Banks was convicted of the 1980 murder of Richard Whitehead, who was found shot dead in a park near Nash, Texas.

At the center of Banks's appeal is the failure of prosecutors to disclose fully contacts and cooperation between prosecutors and two key trial witnesses, Charles Cook and Robert Farr. The issue of prior contact is potentially important in a trial because jurors are expected to consider whether witnesses have received benefits or faced threats from authorities.

Mr. Farr provided key testimony against Banks during the penalty phase of the trial, suggesting to jurors that Banks posed a threat of future dangerousness and thus should be executed. What neither Banks nor the jurors knew was that Farr was a paid police informant hired to help gather evidence against Banks. Nonetheless, during closing argument, the prosecutor told jurors that Farr had been "open and honest with you in every way."

Mr. Cook's testimony was even more crucial to the state's case. He told jurors that Banks had confessed to having killed someone, that Banks asked Cook to get rid of a gun that turned out to be the murder weapon, and that Banks asked Cook to dispose of the victim's car.

When asked on cross-examination by Banks's lawyer whether he had previously discussed his testimony with authorities, Cook said no. Prosecutors knew the statement was false: They had in their files a 74-page transcript of Cook's pretrial preparation with authorities.

Cook's denial of involvement with authorities prevented the defense, and ultimately the jury, from learning that the prosecutors intervened in a pending arson case involving Cook. According to court documents, one month prior to Cook's testimony in the Banks trial the prosecutors filed habitual-offender charges against Cook in the arson case, a move that substantially increased his potential prison time if convicted. But after Cook's testimony against Banks, the arson case was dismissed.

During closing arguments, the prosecutor vouched for Cook. "Charles Cook brought you absolute truth," he said. And he added that state prosecutors "didn't hide anything with regard to any of these witnesses."

In an unusual move, six former state and federal judges, including former FBI Director William Sessions, filed a friend-of-the-court brief urging the justices to overturn the Fifth Circuit decision.

John Gibbons, former chief judge of the Third US Circuit Court of Appeals, is among the six who filed the brief. He says the Fifth Circuit's decision in the Banks case "simply shocked us."

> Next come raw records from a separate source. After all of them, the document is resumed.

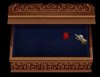 year of the dragon moon.JPG year of the dragon moon.JPG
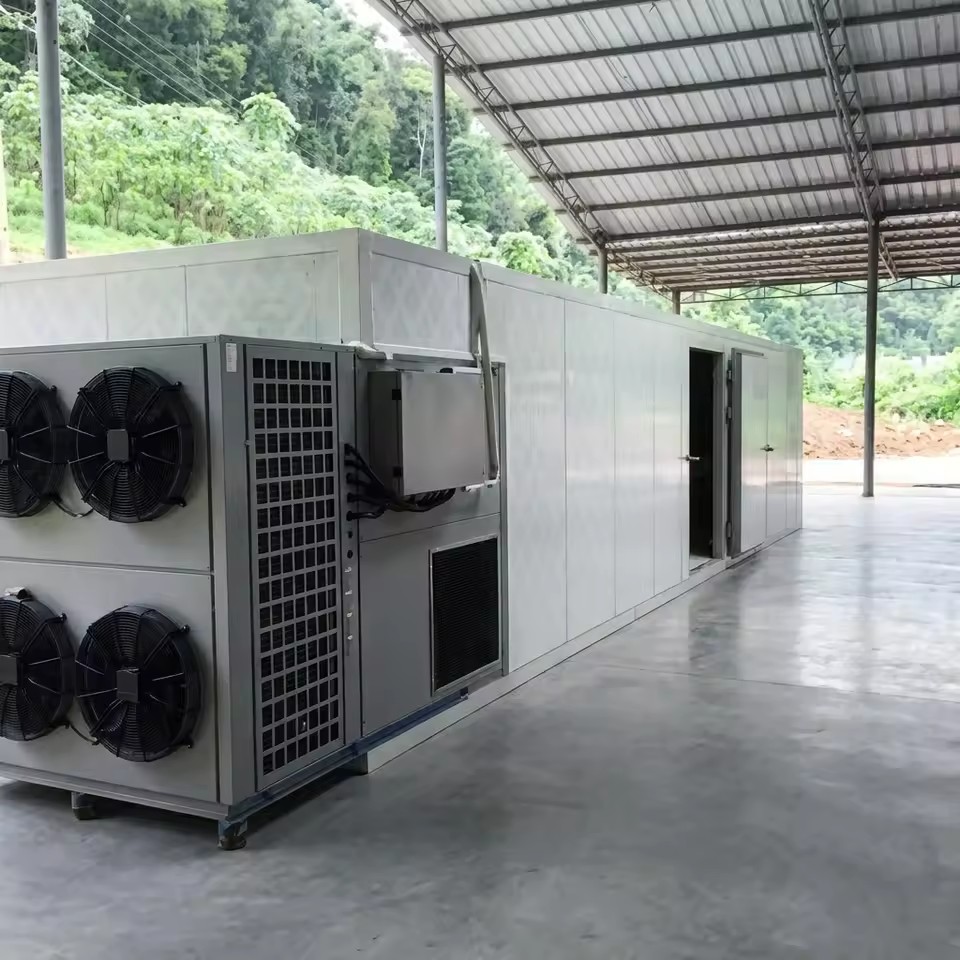 Aroma-Lock Squid & Cuttlefish Dryer Machine | Professional SUS304 Seafood Dehydrator | Smart PLC High Output Industrial System
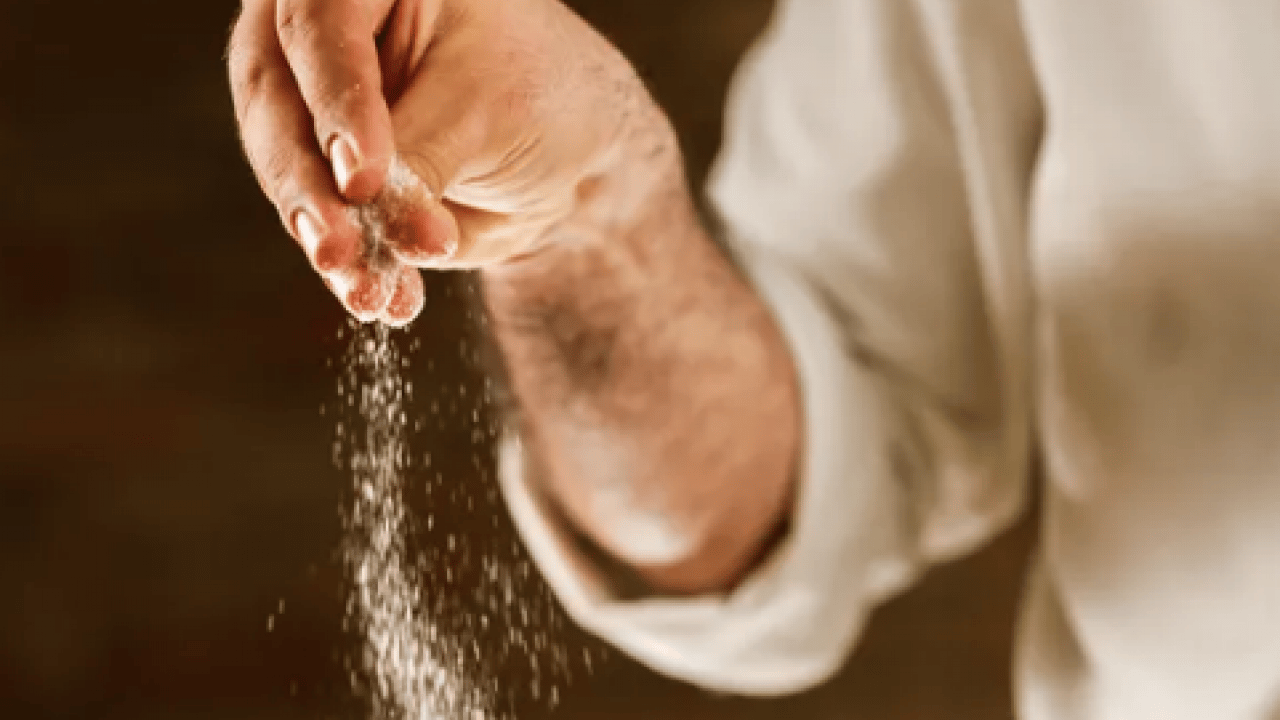 Foto - Sineklerin en korktuğu mutfak malzemesi! Çöp kutusuna serpin, rahat edin...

"These are not a bunch of left-wing kooks who are trying to undermine the social order in Texas," Mr. Gibbons says of his fellow judges filing the brief. "A lot of them, like me, were appointed by Republican presidents."

The brief says in part: "The court of appeals treatment of these claims poses a significant threat to the fairness of future proceedings." It adds, "The questions presented in this case are ... of vital importance to all persons who are committed to ensuring fairness and accuracy in the administration of the death penalty."